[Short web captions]
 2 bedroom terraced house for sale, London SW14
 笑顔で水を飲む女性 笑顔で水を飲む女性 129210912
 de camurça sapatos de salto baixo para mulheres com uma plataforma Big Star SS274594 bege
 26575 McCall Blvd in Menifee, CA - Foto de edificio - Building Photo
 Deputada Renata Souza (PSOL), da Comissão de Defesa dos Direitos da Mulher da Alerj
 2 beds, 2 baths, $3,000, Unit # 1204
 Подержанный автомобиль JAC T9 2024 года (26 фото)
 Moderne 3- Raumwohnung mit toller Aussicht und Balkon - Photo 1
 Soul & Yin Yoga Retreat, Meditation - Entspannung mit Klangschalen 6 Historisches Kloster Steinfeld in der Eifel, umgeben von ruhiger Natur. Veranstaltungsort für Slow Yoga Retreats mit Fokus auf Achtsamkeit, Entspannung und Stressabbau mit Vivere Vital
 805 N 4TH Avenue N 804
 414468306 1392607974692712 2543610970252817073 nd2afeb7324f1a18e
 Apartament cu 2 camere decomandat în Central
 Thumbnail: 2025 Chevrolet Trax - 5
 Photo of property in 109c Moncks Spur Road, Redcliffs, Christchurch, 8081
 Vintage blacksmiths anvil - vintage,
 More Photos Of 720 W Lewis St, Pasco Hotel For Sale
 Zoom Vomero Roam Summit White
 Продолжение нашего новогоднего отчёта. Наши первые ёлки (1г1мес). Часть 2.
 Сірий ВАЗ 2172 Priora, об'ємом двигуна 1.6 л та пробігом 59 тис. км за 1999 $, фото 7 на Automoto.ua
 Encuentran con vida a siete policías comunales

### PROBLEM REQUIREMENTS
Taking the entries above, print exactly the lines starting at the line with "26575 McCall Blvd" and ending at the line with "805 N 4TH Avenue N 804", both included.

### TASK SOLUTION
 26575 McCall Blvd in Menifee, CA - Foto de edificio - Building Photo
 Deputada Renata Souza (PSOL), da Comissão de Defesa dos Direitos da Mulher da Alerj
 2 beds, 2 baths, $3,000, Unit # 1204
 Подержанный автомобиль JAC T9 2024 года (26 фото)
 Moderne 3- Raumwohnung mit toller Aussicht und Balkon - Photo 1
 Soul & Yin Yoga Retreat, Meditation - Entspannung mit Klangschalen 6 Historisches Kloster Steinfeld in der Eifel, umgeben von ruhiger Natur. Veranstaltungsort für Slow Yoga Retreats mit Fokus auf Achtsamkeit, Entspannung und Stressabbau mit Vivere Vital
 805 N 4TH Avenue N 804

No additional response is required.